There’s a lot to be said for taking yoga at a local studio. You receive personalized feedback from the instructor, you meet other yogis in your community, and you learn more about the practice from those around you. These are all important benefits, and they shouldn’t be ignored or taken lightly.
But if you don’t live near a studio, or you’re the on-the-go type who struggles to make time for a regular class, doing yoga at home can help you fit the practice seamlessly into your life. For instance, you don’t have to wait for a specific class time or commit to an hour-long session; you don’t have to pack a bag, drive to a studio, or spend extra time small talking with fellow yogis. Simply choose the time and the length of the session that works for you, and get your “om” on at home.
Starting your own home yoga practice is not only super easy, but you may even find it more relaxing than going to your regularly scheduled yoga classes! Ready to learn more about starting a home yoga practice as a beginner to yoga? Grab your mat and let’s get into it!
Get Your Gear
Technically, you don’t need anything but your own body to practice yoga. However, having equipment you truly enjoy using, particularly equipment you feel proud of, can help you create the “space” and atmosphere in your home that encourages a continued practice.
Plus, investing in a nice yoga mat and a few props may make you feel like you have to follow through on your good intentions and earn back the money you’ve put into your home practice.
Choose Your Space
Just as you don’t need much equipment to do yoga, you don’t need much space, but that doesn’t mean you shouldn’t take your space seriously. “It’s ideal to have a space that’s free of clutter,” says Parker. “This could be a bedroom, basement, or living room area. Try to find a room where you won’t be disturbed during your practice.”
You want the space you choose to feel like it’s intended for yoga, so if you can, choose a corner or a room where you don’t do anything else. It needs to be large enough for you to lay down your mat and have freedom of movement, so plan on an area that’s at least seven feet square. Even if you can’t dedicate an entire room to your practice, consider using visual cues to delineate your yoga space.
“I love creating an altar where I place objects that inspire my practice. For instance, I have my favorite lavender-scented candle, a picture of my yoga teacher trainer, Gurmukh, a picture of Yogi Bhajan, and three crystals to amplify the energy,” Parker says. “Basically, anything that can inspire you to show up and keep up with your yoga practice.”

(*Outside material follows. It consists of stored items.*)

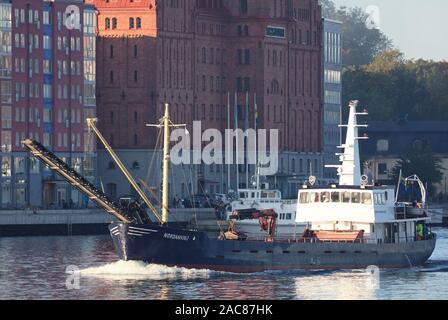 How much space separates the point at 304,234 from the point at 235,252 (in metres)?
7.60

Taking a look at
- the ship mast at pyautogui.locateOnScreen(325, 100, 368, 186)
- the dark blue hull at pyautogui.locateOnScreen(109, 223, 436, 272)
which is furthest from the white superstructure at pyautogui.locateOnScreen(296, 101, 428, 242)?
the dark blue hull at pyautogui.locateOnScreen(109, 223, 436, 272)

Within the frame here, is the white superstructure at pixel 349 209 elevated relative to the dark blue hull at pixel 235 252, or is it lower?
elevated

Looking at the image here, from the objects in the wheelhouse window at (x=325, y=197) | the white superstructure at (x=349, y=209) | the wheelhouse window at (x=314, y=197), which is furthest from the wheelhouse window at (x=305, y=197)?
the wheelhouse window at (x=325, y=197)

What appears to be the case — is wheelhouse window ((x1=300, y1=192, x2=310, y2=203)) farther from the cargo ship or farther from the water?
the water

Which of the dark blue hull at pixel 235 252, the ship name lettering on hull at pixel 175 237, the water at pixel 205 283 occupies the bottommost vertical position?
the water at pixel 205 283

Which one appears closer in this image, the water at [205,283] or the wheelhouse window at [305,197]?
the water at [205,283]

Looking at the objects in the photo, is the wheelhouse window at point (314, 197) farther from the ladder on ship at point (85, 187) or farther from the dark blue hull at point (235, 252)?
the ladder on ship at point (85, 187)

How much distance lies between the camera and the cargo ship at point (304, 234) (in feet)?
473

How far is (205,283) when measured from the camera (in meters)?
142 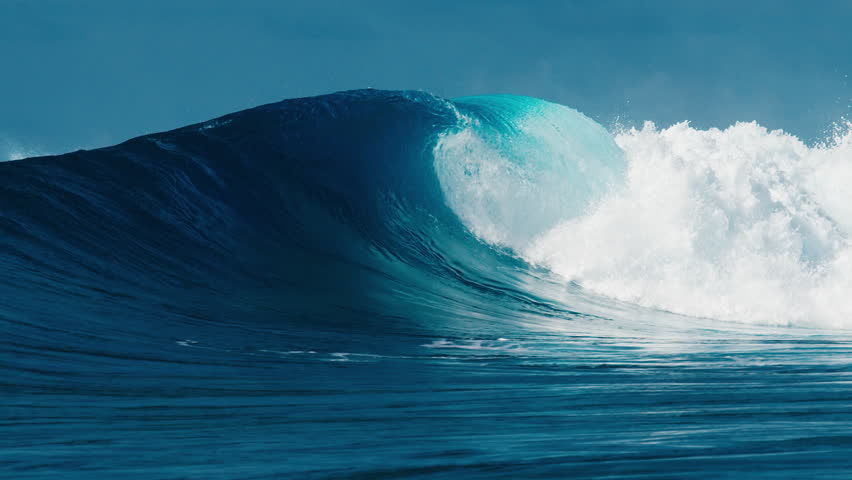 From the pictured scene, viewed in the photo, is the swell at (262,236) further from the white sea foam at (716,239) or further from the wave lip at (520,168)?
the white sea foam at (716,239)

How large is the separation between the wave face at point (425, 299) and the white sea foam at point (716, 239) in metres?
0.04

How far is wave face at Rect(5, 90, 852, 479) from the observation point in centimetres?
329

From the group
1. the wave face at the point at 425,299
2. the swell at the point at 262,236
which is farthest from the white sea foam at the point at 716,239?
the swell at the point at 262,236

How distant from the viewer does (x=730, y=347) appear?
20.6 ft

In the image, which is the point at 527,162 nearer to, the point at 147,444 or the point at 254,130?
the point at 254,130

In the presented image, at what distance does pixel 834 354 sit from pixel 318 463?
13.4 feet

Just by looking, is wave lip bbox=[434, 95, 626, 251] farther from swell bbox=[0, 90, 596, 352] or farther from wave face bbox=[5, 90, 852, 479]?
swell bbox=[0, 90, 596, 352]

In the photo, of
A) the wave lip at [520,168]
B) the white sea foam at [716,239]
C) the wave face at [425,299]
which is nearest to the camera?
the wave face at [425,299]

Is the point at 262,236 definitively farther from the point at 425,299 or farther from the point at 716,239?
the point at 716,239

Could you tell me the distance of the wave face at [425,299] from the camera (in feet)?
10.8

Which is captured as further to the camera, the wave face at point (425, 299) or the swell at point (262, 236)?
the swell at point (262, 236)

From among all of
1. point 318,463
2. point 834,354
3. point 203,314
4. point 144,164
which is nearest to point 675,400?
point 318,463

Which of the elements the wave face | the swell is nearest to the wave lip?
the wave face

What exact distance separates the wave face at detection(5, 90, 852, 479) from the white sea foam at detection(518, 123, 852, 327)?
40mm
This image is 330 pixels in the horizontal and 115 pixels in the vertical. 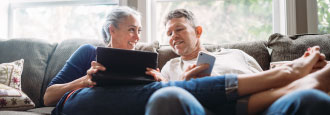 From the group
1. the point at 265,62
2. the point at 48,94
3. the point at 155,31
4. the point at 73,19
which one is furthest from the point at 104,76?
the point at 73,19

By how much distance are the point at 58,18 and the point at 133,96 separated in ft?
6.95

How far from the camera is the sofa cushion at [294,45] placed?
6.08 ft

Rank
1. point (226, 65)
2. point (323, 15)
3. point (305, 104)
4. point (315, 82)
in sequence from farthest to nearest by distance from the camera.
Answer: point (323, 15)
point (226, 65)
point (315, 82)
point (305, 104)

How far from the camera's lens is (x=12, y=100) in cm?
181

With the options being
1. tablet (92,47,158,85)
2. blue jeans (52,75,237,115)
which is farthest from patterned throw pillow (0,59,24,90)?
tablet (92,47,158,85)

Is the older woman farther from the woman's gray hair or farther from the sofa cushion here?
the sofa cushion

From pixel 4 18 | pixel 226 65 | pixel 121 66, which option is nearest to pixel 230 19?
pixel 226 65

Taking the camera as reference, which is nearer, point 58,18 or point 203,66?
point 203,66

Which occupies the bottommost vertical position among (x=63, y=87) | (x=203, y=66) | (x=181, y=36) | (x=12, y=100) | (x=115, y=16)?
(x=12, y=100)

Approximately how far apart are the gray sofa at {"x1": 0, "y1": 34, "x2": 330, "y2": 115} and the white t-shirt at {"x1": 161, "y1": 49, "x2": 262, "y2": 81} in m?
0.19

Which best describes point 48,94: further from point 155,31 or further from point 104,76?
point 155,31

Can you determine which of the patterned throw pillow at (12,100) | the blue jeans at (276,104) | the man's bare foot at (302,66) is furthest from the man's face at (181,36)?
the patterned throw pillow at (12,100)

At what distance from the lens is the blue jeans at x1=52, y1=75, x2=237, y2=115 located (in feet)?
3.58

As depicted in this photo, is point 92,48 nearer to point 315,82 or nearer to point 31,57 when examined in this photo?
point 31,57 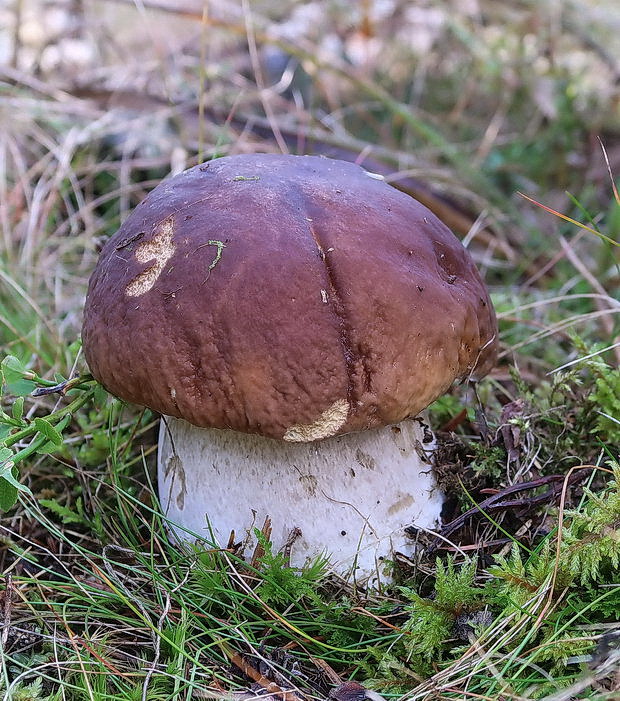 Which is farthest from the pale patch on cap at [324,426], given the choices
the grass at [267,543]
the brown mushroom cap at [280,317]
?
the grass at [267,543]

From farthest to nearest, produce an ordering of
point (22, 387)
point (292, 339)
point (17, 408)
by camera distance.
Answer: point (22, 387)
point (17, 408)
point (292, 339)

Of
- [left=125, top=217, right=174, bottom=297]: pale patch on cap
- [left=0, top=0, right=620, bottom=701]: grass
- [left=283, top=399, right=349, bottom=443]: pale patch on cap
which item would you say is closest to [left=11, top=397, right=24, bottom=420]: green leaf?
[left=0, top=0, right=620, bottom=701]: grass

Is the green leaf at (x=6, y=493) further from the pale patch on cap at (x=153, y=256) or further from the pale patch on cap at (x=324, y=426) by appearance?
the pale patch on cap at (x=324, y=426)

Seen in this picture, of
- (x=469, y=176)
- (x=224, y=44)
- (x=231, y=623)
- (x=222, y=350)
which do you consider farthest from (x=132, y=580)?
(x=224, y=44)

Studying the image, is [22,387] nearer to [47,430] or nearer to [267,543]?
[47,430]

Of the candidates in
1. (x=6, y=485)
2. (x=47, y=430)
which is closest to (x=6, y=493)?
(x=6, y=485) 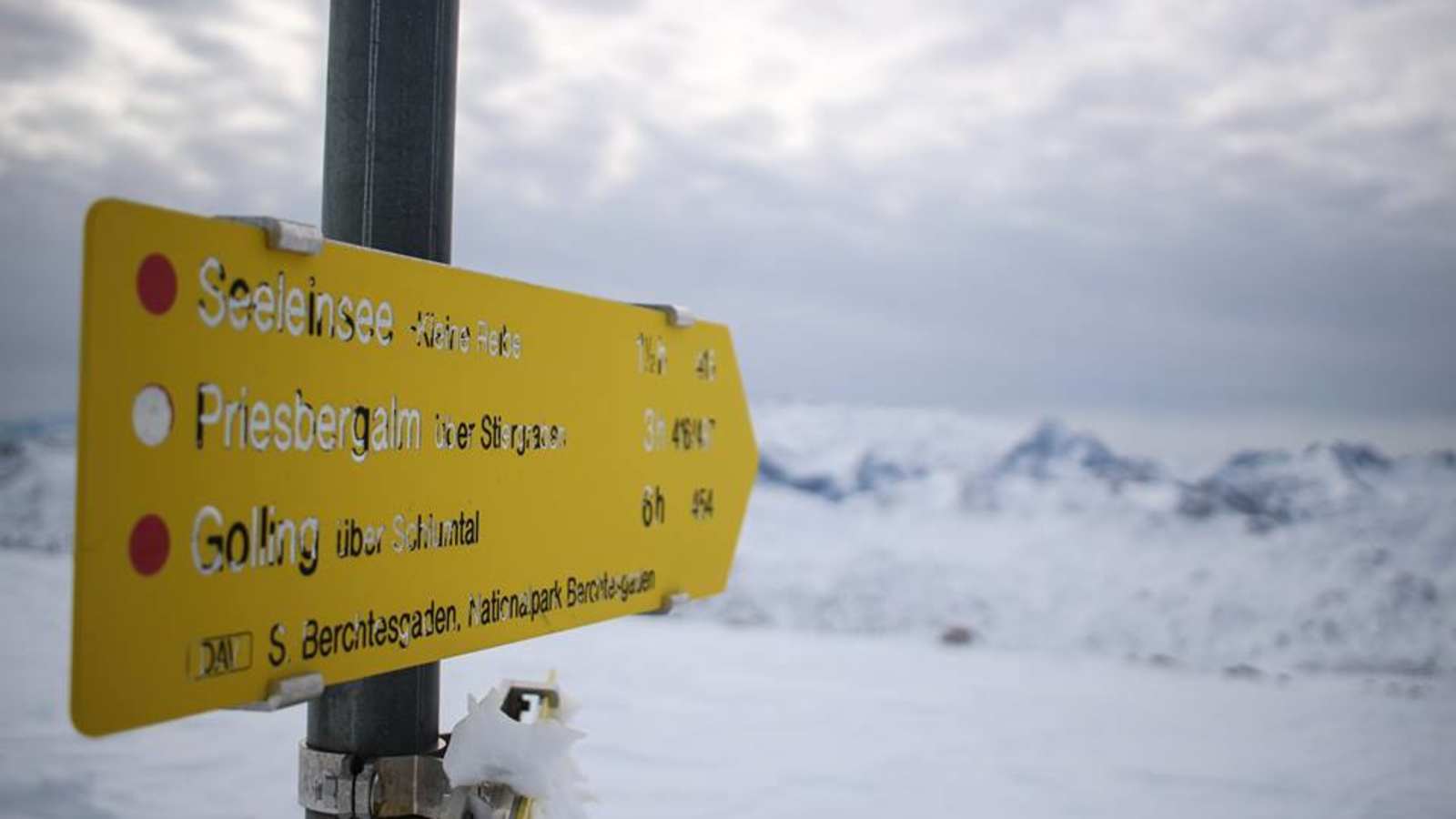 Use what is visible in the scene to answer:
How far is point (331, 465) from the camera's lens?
5.65ft

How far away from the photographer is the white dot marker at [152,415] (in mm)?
1410

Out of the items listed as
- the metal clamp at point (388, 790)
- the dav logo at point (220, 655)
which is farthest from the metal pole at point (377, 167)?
the dav logo at point (220, 655)

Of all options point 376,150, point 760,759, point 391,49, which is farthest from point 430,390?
point 760,759

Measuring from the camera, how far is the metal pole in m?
2.08

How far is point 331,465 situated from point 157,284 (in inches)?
14.6

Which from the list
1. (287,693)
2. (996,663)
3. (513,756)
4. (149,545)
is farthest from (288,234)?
(996,663)

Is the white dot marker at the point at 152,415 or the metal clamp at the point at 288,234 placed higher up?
the metal clamp at the point at 288,234

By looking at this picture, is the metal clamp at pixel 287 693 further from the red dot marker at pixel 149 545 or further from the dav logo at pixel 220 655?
the red dot marker at pixel 149 545

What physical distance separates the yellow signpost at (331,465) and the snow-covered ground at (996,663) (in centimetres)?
236

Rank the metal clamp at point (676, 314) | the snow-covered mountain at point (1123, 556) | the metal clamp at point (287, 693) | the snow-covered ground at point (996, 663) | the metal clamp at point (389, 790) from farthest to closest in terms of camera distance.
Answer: the snow-covered mountain at point (1123, 556), the snow-covered ground at point (996, 663), the metal clamp at point (676, 314), the metal clamp at point (389, 790), the metal clamp at point (287, 693)

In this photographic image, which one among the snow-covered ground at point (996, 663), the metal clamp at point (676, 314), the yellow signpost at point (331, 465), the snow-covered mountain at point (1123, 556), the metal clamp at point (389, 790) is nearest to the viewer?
the yellow signpost at point (331, 465)

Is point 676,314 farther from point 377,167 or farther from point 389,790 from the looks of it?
point 389,790

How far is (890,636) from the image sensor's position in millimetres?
7668

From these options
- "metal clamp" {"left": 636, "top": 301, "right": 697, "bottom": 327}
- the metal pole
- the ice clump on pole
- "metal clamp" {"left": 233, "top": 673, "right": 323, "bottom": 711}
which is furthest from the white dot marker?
"metal clamp" {"left": 636, "top": 301, "right": 697, "bottom": 327} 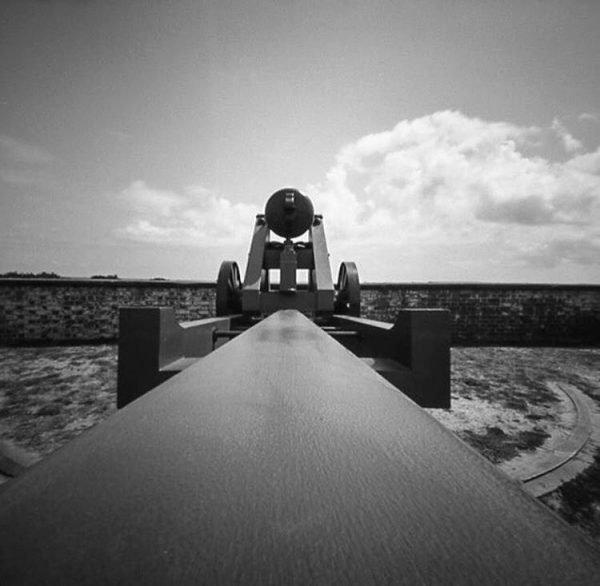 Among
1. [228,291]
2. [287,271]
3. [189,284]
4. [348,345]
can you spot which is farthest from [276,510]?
[189,284]

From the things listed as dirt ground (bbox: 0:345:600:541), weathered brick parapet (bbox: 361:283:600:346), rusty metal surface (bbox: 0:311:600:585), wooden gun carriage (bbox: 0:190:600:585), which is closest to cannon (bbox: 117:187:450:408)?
wooden gun carriage (bbox: 0:190:600:585)

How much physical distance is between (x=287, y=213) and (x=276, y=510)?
13.2 feet

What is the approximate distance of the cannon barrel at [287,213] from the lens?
409cm

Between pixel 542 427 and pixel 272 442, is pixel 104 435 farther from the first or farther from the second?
pixel 542 427

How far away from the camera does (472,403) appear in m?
3.30

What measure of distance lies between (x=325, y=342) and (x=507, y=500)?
2.87ft

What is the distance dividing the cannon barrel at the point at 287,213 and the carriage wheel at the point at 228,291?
78cm

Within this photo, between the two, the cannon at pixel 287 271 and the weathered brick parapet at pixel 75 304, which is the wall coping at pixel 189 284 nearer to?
the weathered brick parapet at pixel 75 304

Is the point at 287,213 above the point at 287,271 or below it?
above

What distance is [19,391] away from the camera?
360 cm

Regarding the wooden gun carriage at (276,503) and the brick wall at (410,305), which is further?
the brick wall at (410,305)

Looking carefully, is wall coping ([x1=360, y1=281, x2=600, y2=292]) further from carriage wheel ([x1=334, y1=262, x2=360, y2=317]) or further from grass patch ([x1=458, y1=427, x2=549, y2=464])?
grass patch ([x1=458, y1=427, x2=549, y2=464])

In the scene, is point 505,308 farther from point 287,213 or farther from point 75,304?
point 75,304

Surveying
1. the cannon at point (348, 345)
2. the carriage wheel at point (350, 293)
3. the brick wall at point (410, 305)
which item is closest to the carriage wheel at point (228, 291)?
the cannon at point (348, 345) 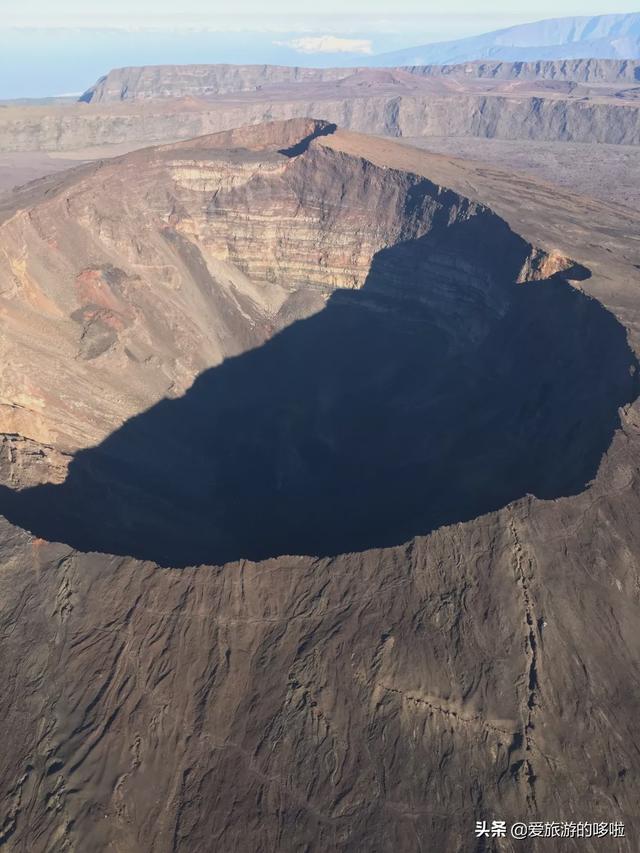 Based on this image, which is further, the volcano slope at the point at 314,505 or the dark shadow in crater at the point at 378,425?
the dark shadow in crater at the point at 378,425

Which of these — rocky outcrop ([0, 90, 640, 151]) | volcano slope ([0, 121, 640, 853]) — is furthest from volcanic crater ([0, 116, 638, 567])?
rocky outcrop ([0, 90, 640, 151])

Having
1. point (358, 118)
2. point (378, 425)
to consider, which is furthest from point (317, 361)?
point (358, 118)

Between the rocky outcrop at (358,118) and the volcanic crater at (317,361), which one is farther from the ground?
the rocky outcrop at (358,118)

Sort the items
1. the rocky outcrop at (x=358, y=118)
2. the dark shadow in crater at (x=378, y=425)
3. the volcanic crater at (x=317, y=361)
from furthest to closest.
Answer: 1. the rocky outcrop at (x=358, y=118)
2. the volcanic crater at (x=317, y=361)
3. the dark shadow in crater at (x=378, y=425)

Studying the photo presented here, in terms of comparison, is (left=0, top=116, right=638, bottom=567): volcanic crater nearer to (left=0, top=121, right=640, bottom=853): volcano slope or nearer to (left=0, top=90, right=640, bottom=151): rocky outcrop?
(left=0, top=121, right=640, bottom=853): volcano slope

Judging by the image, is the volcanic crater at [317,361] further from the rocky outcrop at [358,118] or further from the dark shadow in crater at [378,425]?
the rocky outcrop at [358,118]

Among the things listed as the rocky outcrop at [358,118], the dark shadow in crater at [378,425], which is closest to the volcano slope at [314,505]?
the dark shadow in crater at [378,425] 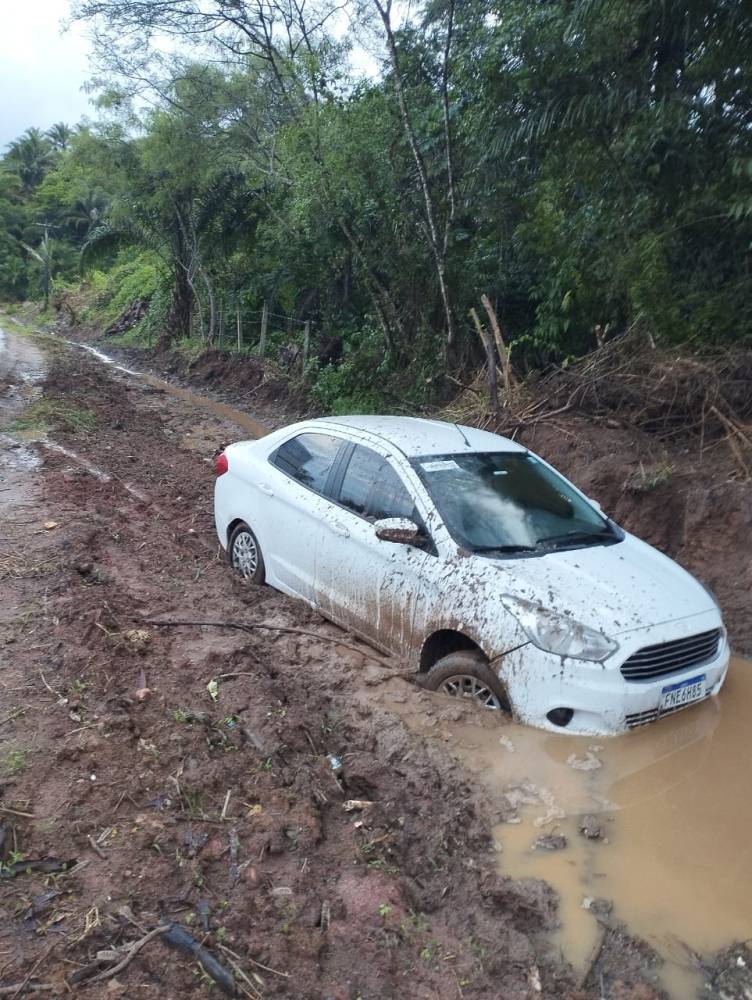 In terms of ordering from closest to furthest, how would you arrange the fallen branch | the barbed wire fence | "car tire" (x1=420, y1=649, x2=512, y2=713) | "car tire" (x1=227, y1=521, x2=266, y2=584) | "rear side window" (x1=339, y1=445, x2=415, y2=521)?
the fallen branch
"car tire" (x1=420, y1=649, x2=512, y2=713)
"rear side window" (x1=339, y1=445, x2=415, y2=521)
"car tire" (x1=227, y1=521, x2=266, y2=584)
the barbed wire fence

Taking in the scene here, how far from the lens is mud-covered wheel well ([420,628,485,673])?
4.72m

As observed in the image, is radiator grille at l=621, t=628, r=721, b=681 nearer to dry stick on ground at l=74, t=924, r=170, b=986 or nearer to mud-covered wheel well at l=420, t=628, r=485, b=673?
mud-covered wheel well at l=420, t=628, r=485, b=673

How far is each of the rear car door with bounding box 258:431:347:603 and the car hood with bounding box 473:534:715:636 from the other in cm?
163

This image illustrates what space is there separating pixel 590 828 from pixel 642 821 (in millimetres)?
303

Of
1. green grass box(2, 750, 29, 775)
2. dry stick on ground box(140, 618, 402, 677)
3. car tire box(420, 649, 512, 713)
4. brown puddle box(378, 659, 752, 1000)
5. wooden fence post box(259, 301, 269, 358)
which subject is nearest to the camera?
brown puddle box(378, 659, 752, 1000)

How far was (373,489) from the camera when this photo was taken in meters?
5.45

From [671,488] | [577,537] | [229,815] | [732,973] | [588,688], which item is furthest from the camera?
[671,488]

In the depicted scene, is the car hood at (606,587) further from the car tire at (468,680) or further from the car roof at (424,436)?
the car roof at (424,436)

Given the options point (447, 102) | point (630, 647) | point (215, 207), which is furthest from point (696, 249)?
point (215, 207)

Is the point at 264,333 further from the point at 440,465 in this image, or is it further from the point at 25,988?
the point at 25,988

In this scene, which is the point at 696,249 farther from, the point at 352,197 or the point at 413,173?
the point at 352,197

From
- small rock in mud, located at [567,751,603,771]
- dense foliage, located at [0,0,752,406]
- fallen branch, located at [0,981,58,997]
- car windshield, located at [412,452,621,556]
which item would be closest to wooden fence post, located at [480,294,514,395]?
dense foliage, located at [0,0,752,406]

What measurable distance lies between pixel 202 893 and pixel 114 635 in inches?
97.2

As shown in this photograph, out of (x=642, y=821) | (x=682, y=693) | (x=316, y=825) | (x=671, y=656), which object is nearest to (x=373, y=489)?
(x=671, y=656) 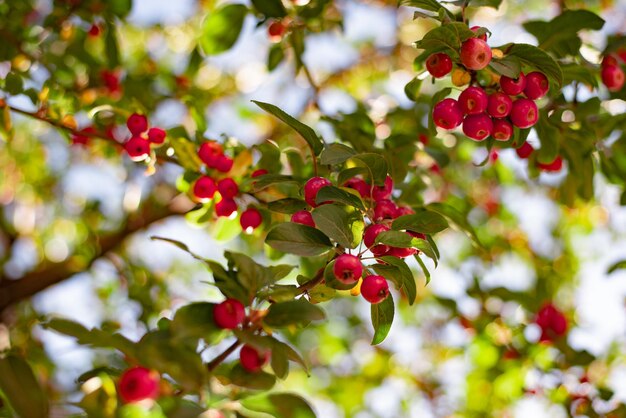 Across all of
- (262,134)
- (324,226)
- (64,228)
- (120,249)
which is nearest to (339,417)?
(120,249)

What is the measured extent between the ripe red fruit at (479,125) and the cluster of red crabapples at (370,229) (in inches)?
11.1

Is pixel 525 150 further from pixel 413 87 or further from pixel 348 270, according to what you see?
pixel 348 270

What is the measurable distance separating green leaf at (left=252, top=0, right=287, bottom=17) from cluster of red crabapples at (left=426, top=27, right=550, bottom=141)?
39.4 inches

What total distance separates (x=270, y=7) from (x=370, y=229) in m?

Finally, if you plan on streaming a class or watching a DVD, you’ll need access to the appropriate technology. The good news is, there are countless apps, audio workouts, and streaming services that make it easy to follow along on a phone or tablet, so as long as you have an internet connection, the technology typically requires little space or setup.
Find Your Flow
This is especially important for those who are new to yoga because not all classes, instructors, or styles of yoga are alike. It can take a few attempts to “find your flow” and get settled into a regular practice.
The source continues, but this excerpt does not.